Example
Here is a simple example:
suppose the primal problem is the follows (x and y are decisions)
@objective(model, Min, x + y)
@constraint(model, 0 <= x <= 2)
@constraint(model, -1 <= y <= 1)
@constraint(model, x == y)
where the optimal obj_value is 0 attained when x = y = 0.
Now suppose we introduce one more free decision z and reformulate it as
@objective(model, Min, x + y)
@constraint(model, 0 <= x <= 2)
@constraint(model, -1 <= y <= 1)
@constraint(model, a, z == x)
@constraint(model, b, z == y)
Then the Lagrangian is x + y + a * x + b * y - (a + b) * z, in which a and b are Lagrangian multipliers.
We notice that we should enforce the constraint a + b == 0 at the outer layer, for otherwise the inner min-program will go to -Inf, which is undesired (as we want a Max-Min outcome).
Therefore by weak duality we can secure a lower bound to the original problem via this Max-Min problem:
Max_{a} Min_{x ∈ [0, 2], y ∈ [-1, 1]} x + y + a * (x - y)

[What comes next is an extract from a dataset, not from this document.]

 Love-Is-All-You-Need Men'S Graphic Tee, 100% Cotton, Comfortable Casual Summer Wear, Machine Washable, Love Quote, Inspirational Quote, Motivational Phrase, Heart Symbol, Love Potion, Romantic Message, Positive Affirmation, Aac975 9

We notice a = 1 is a feasible solution, at which a valid lower bound 0 is derived—already being tight to the original optimal value.
PS
An alternative view is that, the original problem can also be reformulated as
@objective(model, Min, 2 * z)
@constraint(model, 0 <= x <= 2)
@constraint(model, -1 <= y <= 1)
@constraint(model, a, z == x)
@constraint(model, b, z == y)
In view of this, the final Max-Min problem becomes
Max_{a, b: a + b == 2} Min_{x ∈ [0, 2], y ∈ [-1, 1]} a * x + b * y
Notice that the inner objective is a pure linear expression in (a, b).